**What you should do:** Below are some records. Write out the lines from the one containing "Abdülhamid Han’ın çelik" to the last line, word for word, leaving out pictures.

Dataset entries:
--------------------------------
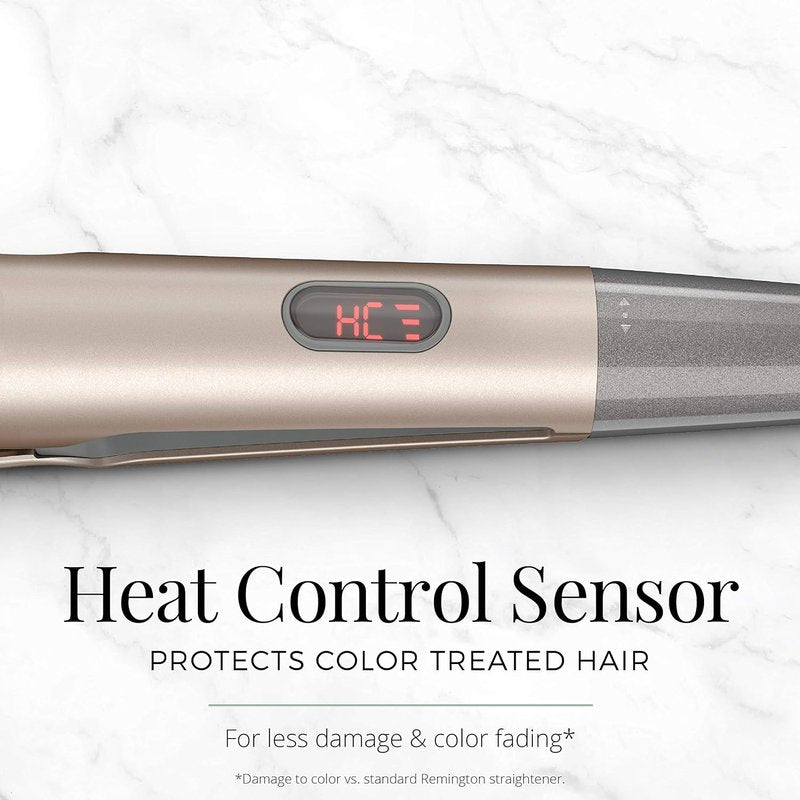 Remington Pro 1" Multi-Styler - Curling Iron & Straightener with Twist & Curl Technology | Color Care Protection, Champagne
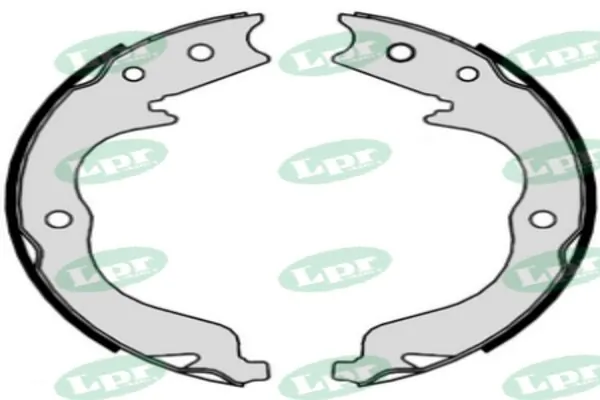 Sapatas do freio de estacionamento para Mitsubishi Lancer CY_A, CZ_A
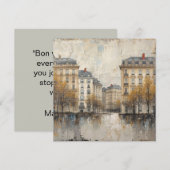 The Quarters Design 03 - Flat Card (Vorne/Hinten)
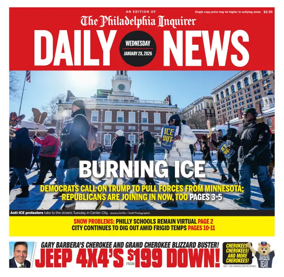 Cover of Philadelphia Daily News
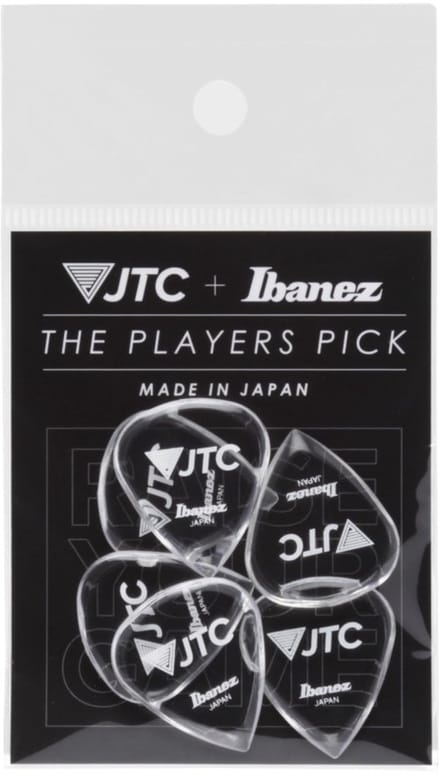 Ibanez PJTC1 Jam Track Central Short Teardrop Guitar Pick 2.5mm (6-Pack) - Plectrum set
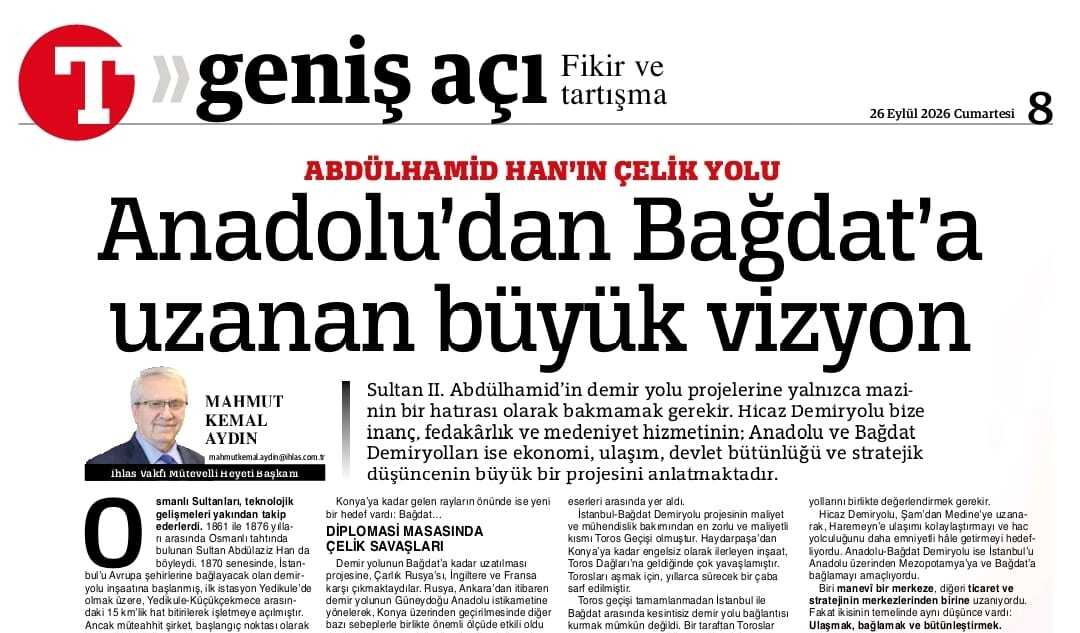 Abdülhamid Han’ın çelik yolu: Anadolu’dan Bağdat’a uzanan büyük vizyon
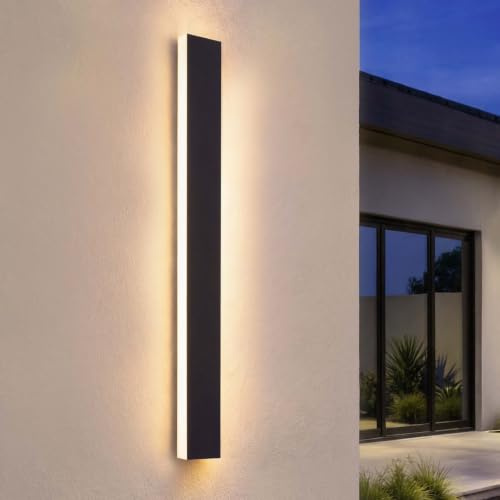 Ledvion Lange Villa LED Außenwandleuchte lang 100cm IP65 14W Warmweiß | Für Einfahrt Gartenweg Terrasse oder Fassade geeignet und klar auf den Außeneinsatz ausgerichtet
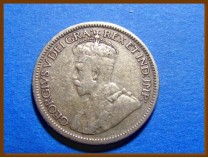 Канада 10 центов 1936 г. Серебро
--------------------------------
**Task solution:**
 Abdülhamid Han’ın çelik yolu: Anadolu’dan Bağdat’a uzanan büyük vizyon
 Ledvion Lange Villa LED Außenwandleuchte lang 100cm IP65 14W Warmweiß | Für Einfahrt Gartenweg Terrasse oder Fassade geeignet und klar auf den Außeneinsatz ausgerichtet
 Канада 10 центов 1936 г. Серебро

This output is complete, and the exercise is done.